PROBLEM TO SOLVE:
Below, locate the line that contains "Interior of a". Repeat exactly from that line to the line that contains "Cream and taupe", inclusive, leaving out the pictures.

Start of AVAILABLE DATA

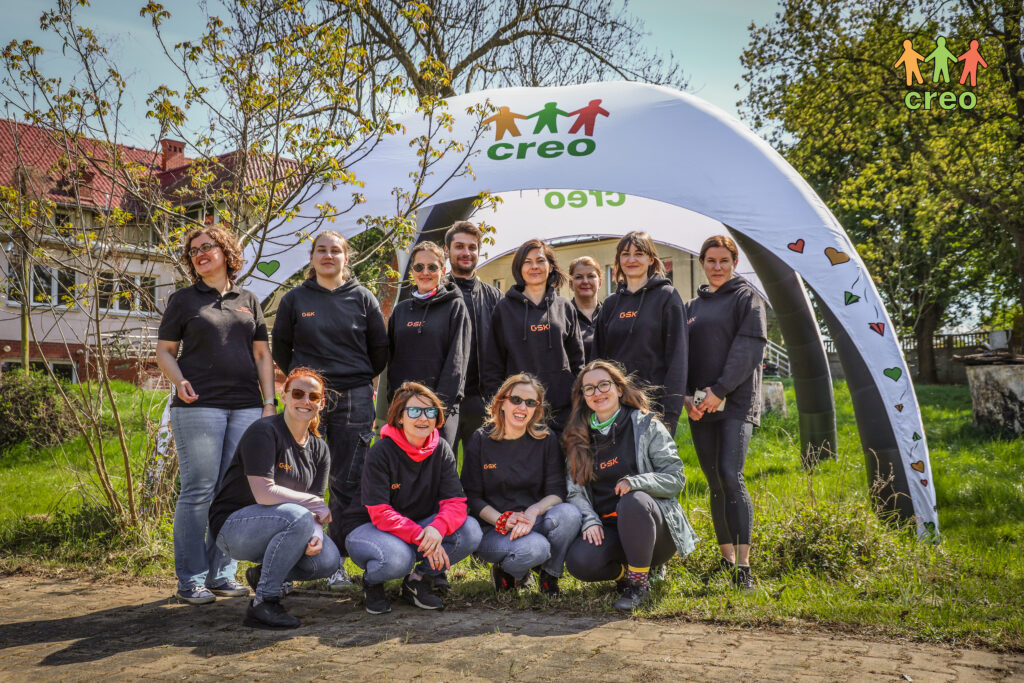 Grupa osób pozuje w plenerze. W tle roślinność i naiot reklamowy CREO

End of AVAILABLE DATA
Start of AVAILABLE DATA

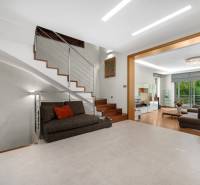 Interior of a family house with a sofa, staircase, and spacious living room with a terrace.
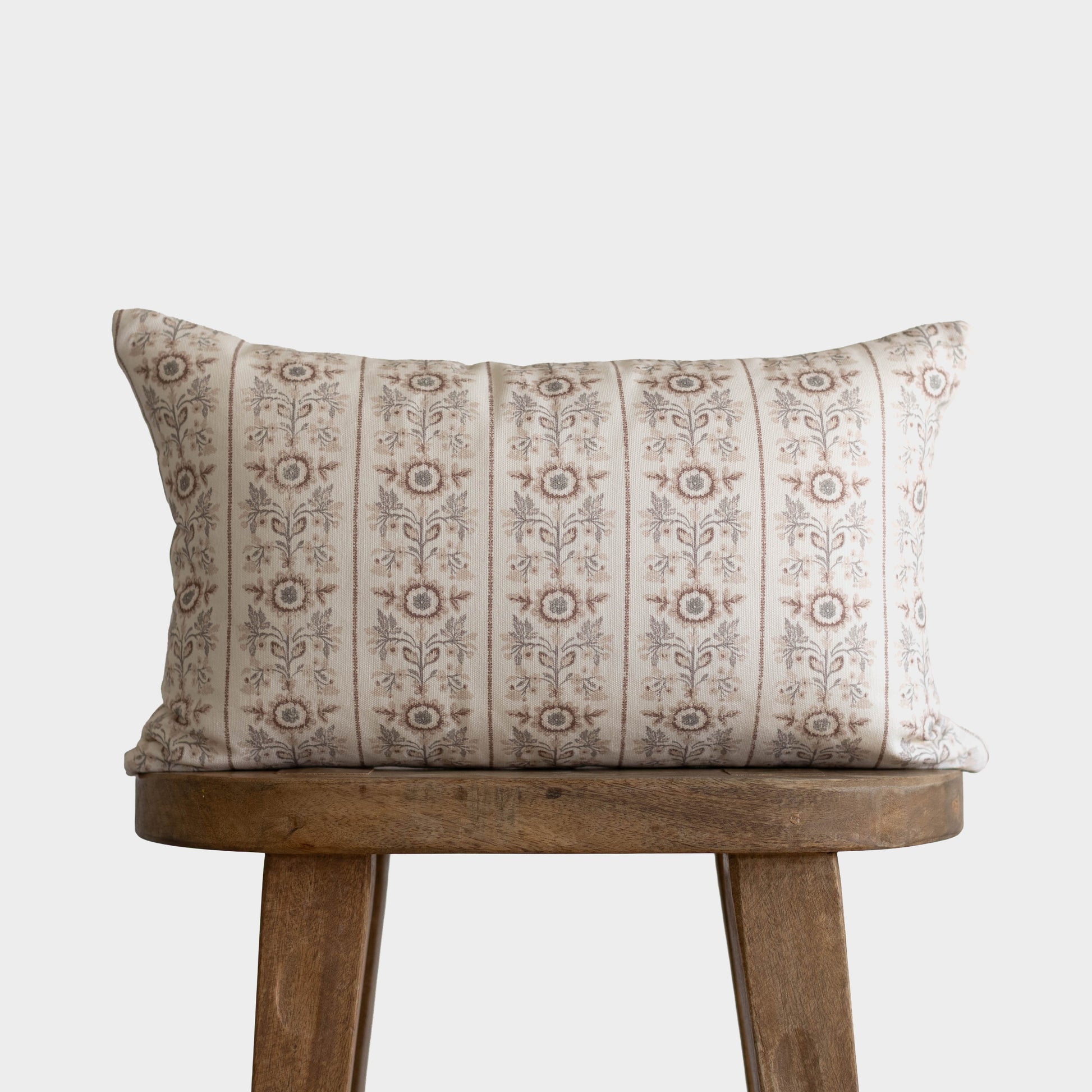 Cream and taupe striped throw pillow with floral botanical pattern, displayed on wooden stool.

End of AVAILABLE DATA
Start of AVAILABLE DATA

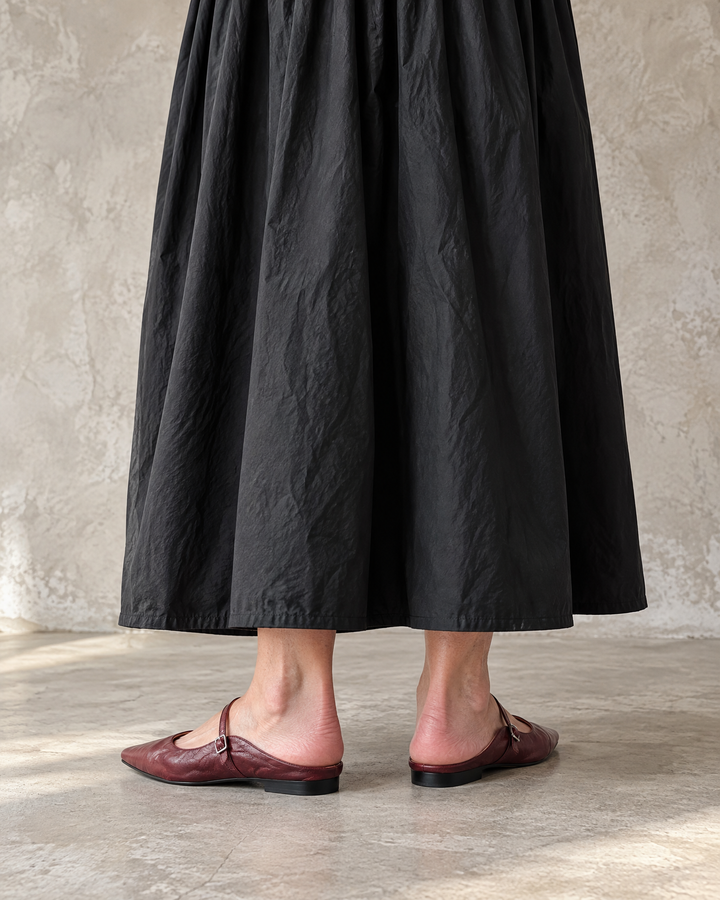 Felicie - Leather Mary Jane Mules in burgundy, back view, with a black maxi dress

End of AVAILABLE DATA

RESPONSE TO THIS TASK:
 Interior of a family house with a sofa, staircase, and spacious living room with a terrace.
 Cream and taupe striped throw pillow with floral botanical pattern, displayed on wooden stool.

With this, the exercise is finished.